> _Activity_: Copy the data exactly, keeping every line intact.

[Web page caption snippets]
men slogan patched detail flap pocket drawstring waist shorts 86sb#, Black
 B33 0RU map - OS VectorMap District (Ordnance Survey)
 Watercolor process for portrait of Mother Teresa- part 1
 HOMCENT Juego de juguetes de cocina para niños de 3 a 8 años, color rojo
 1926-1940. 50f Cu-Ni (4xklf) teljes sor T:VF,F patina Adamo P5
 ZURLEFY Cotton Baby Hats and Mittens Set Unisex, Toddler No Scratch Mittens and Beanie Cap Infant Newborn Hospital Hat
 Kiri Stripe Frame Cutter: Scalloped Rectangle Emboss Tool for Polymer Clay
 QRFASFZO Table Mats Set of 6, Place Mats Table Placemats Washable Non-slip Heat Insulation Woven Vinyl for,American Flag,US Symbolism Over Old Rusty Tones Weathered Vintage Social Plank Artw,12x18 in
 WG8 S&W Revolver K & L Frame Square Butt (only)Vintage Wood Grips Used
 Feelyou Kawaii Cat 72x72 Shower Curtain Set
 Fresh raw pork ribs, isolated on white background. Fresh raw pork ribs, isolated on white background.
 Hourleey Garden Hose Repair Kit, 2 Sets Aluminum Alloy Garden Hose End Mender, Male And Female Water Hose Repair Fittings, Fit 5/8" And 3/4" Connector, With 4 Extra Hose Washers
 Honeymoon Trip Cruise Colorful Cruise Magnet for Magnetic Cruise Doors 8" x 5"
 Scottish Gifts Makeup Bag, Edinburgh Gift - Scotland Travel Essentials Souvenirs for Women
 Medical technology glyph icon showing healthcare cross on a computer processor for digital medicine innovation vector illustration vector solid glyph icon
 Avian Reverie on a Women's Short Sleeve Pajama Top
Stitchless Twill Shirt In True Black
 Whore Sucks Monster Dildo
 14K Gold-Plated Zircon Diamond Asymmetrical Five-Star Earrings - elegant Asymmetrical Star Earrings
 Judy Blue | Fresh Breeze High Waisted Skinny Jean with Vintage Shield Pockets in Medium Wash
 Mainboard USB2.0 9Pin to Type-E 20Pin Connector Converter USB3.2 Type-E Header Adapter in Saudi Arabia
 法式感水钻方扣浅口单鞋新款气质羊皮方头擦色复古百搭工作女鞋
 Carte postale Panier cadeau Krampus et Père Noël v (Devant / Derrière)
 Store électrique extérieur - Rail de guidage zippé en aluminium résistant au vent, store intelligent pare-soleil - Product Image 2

> _Response area_:
men slogan patched detail flap pocket drawstring waist shorts 86sb#, Black
 B33 0RU map - OS VectorMap District (Ordnance Survey)
 Watercolor process for portrait of Mother Teresa- part 1
 HOMCENT Juego de juguetes de cocina para niños de 3 a 8 años, color rojo
 1926-1940. 50f Cu-Ni (4xklf) teljes sor T:VF,F patina Adamo P5
 ZURLEFY Cotton Baby Hats and Mittens Set Unisex, Toddler No Scratch Mittens and Beanie Cap Infant Newborn Hospital Hat
 Kiri Stripe Frame Cutter: Scalloped Rectangle Emboss Tool for Polymer Clay
 QRFASFZO Table Mats Set of 6, Place Mats Table Placemats Washable Non-slip Heat Insulation Woven Vinyl for,American Flag,US Symbolism Over Old Rusty Tones Weathered Vintage Social Plank Artw,12x18 in
 WG8 S&W Revolver K & L Frame Square Butt (only)Vintage Wood Grips Used
 Feelyou Kawaii Cat 72x72 Shower Curtain Set
 Fresh raw pork ribs, isolated on white background. Fresh raw pork ribs, isolated on white background.
 Hourleey Garden Hose Repair Kit, 2 Sets Aluminum Alloy Garden Hose End Mender, Male And Female Water Hose Repair Fittings, Fit 5/8" And 3/4" Connector, With 4 Extra Hose Washers
 Honeymoon Trip Cruise Colorful Cruise Magnet for Magnetic Cruise Doors 8" x 5"
 Scottish Gifts Makeup Bag, Edinburgh Gift - Scotland Travel Essentials Souvenirs for Women
 Medical technology glyph icon showing healthcare cross on a computer processor for digital medicine innovation vector illustration vector solid glyph icon
 Avian Reverie on a Women's Short Sleeve Pajama Top
Stitchless Twill Shirt In True Black
 Whore Sucks Monster Dildo
 14K Gold-Plated Zircon Diamond Asymmetrical Five-Star Earrings - elegant Asymmetrical Star Earrings
 Judy Blue | Fresh Breeze High Waisted Skinny Jean with Vintage Shield Pockets in Medium Wash
 Mainboard USB2.0 9Pin to Type-E 20Pin Connector Converter USB3.2 Type-E Header Adapter in Saudi Arabia
 法式感水钻方扣浅口单鞋新款气质羊皮方头擦色复古百搭工作女鞋
 Carte postale Panier cadeau Krampus et Père Noël v (Devant / Derrière)
 Store électrique extérieur - Rail de guidage zippé en aluminium résistant au vent, store intelligent pare-soleil - Product Image 2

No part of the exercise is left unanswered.